Data records
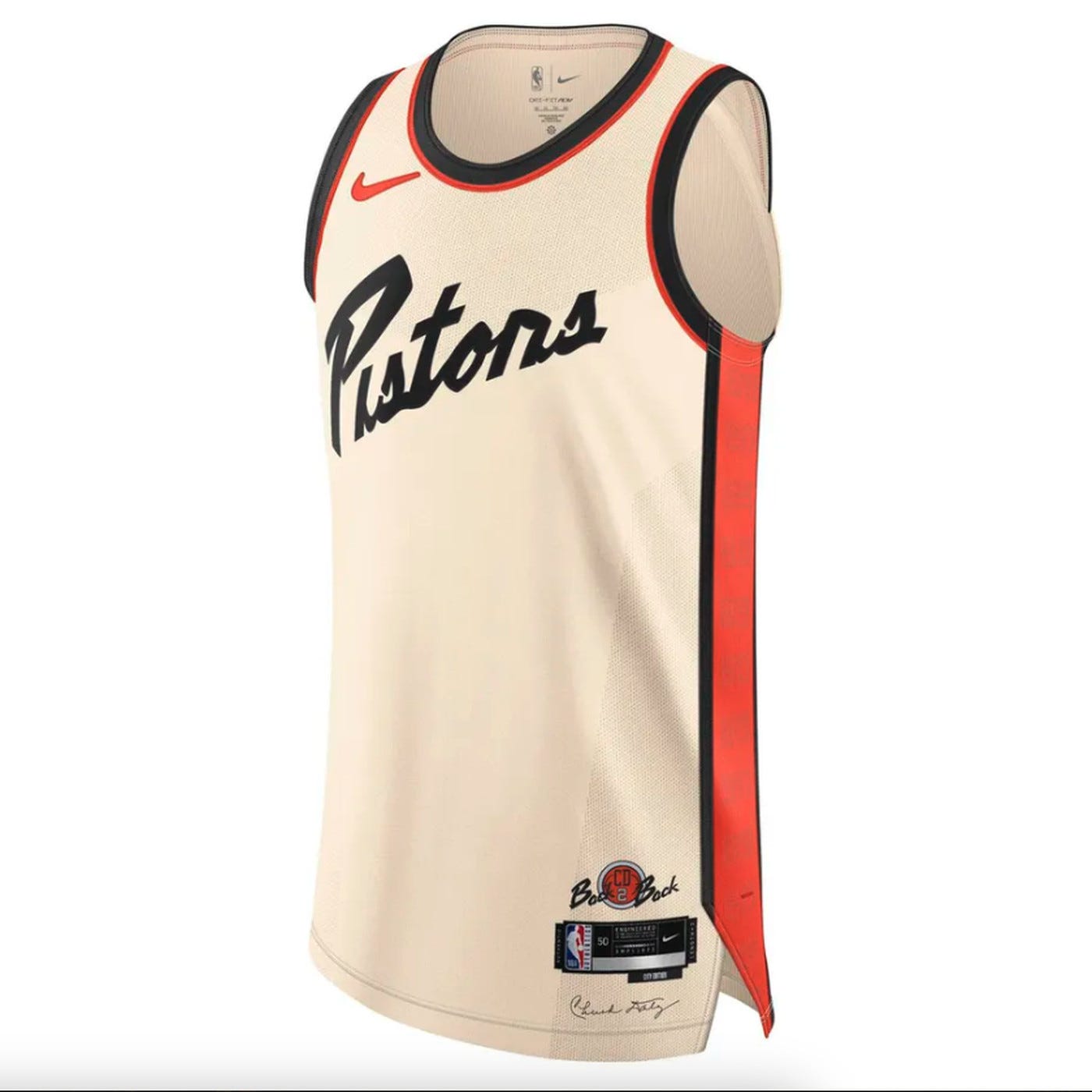 Did the Detroit Pistons win the NBA jersey leak this season? - Detroit Bad  Boys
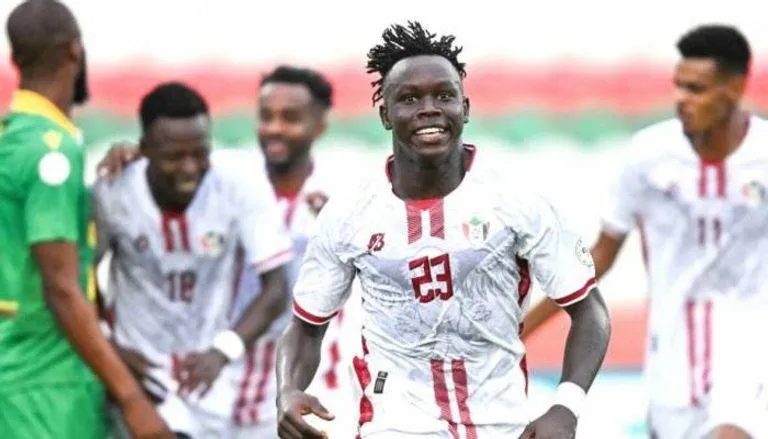 Sudan sweep Nigeria for four ... and give the exit ticket
Arabausa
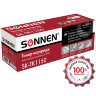 Тонер-картридж SONNEN (SK-TK1150) для KYOCERA ECOSYS M2135DN/M2635DN/M2735DW; P2235, ресурс 3000 страниц, 363318, 363318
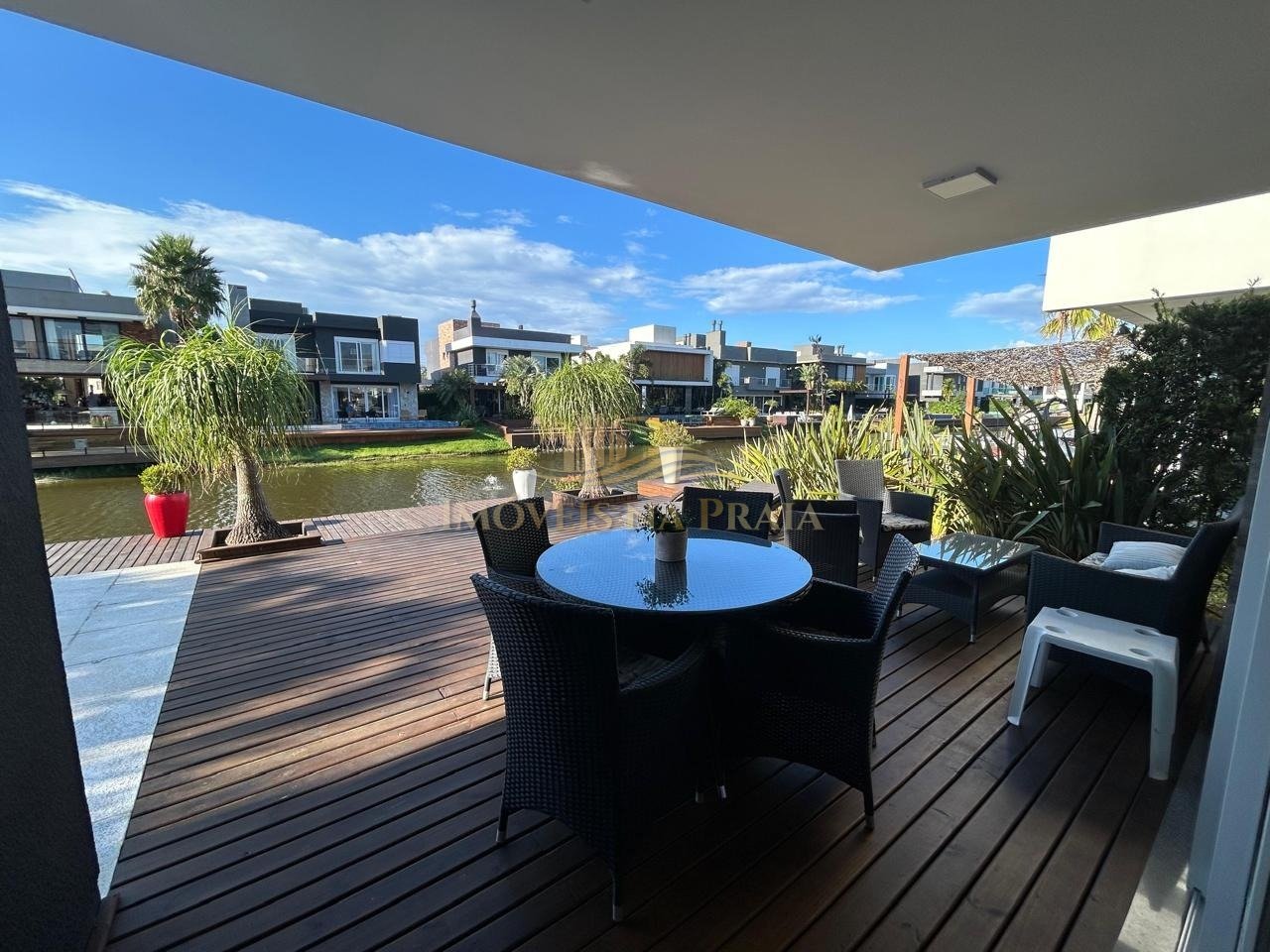 Foto 13 — Casa em Condomínio 4 dormitórios no bairro Malibu Beach Residence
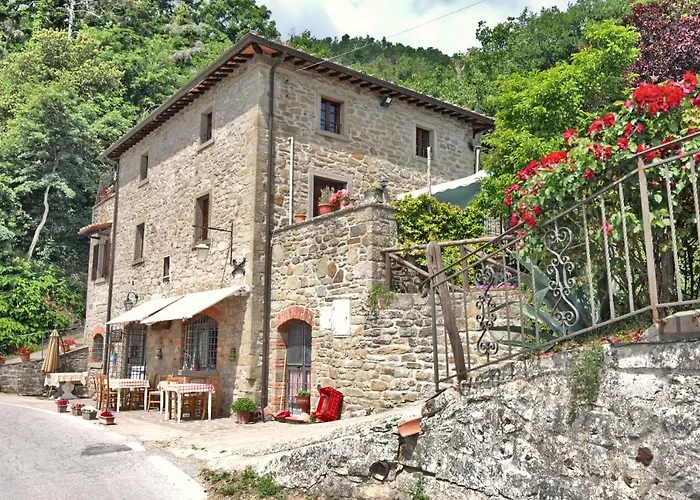 Valle Dame Apartamento Cortona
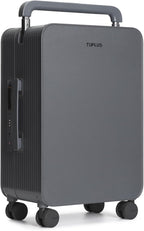 TUPLUS 20” Carry-On Hardside Luggage Lightweight ABS Travel Suitcase by TUPLUS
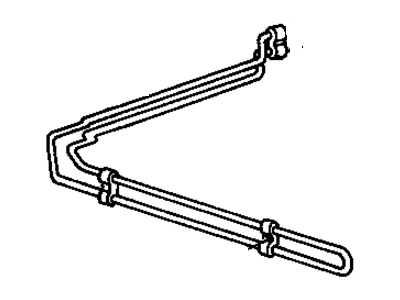 GM 26039152 Pipe,P/S Fluid Cooling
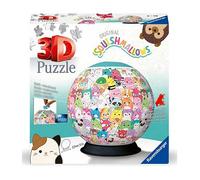 Ravensburger Squishmallows 3D Puzzle Ball 72 Piece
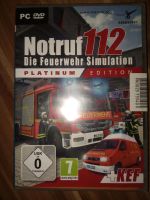 PC Game Notruf 112Die Feuerwehr Simulation Bayern - Collenberg Vorschau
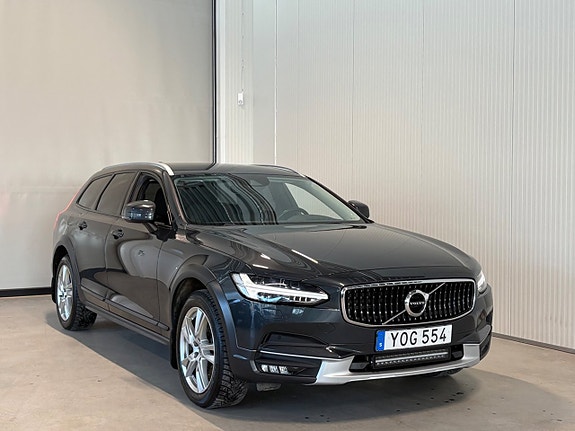Volvo V90 Cross Country 2018
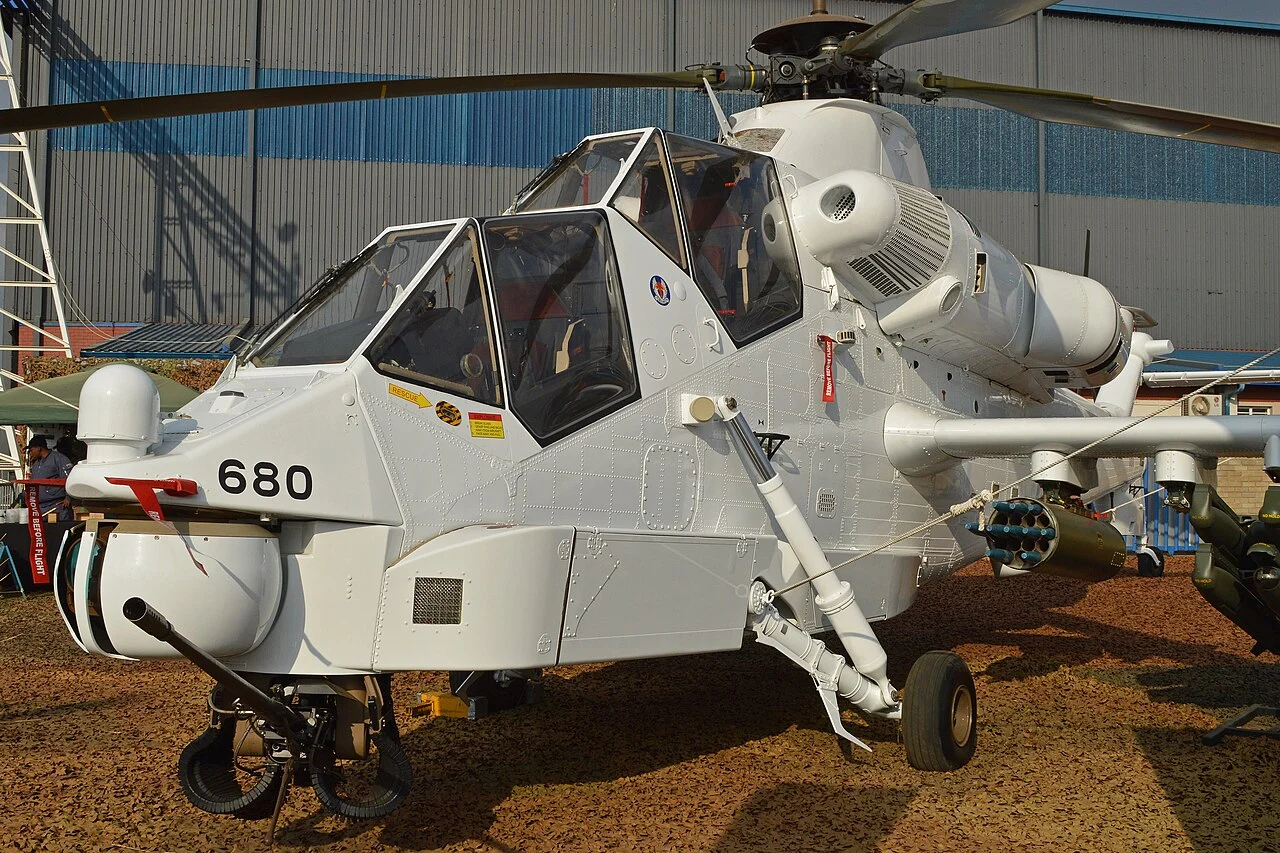 Denel Unveils Skyler VTOL Drone as SANDF Nears Order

Activity
Please write out exactly the lines starting at the one that contains "Valle Dame Apartamento Cortona" and ending with the final line of the entries, both ends included. Do not write out any pictures.

Solution below
 Valle Dame Apartamento Cortona
 TUPLUS 20” Carry-On Hardside Luggage Lightweight ABS Travel Suitcase by TUPLUS
 GM 26039152 Pipe,P/S Fluid Cooling
 Ravensburger Squishmallows 3D Puzzle Ball 72 Piece
 PC Game Notruf 112Die Feuerwehr Simulation Bayern - Collenberg Vorschau
Volvo V90 Cross Country 2018
 Denel Unveils Skyler VTOL Drone as SANDF Nears Order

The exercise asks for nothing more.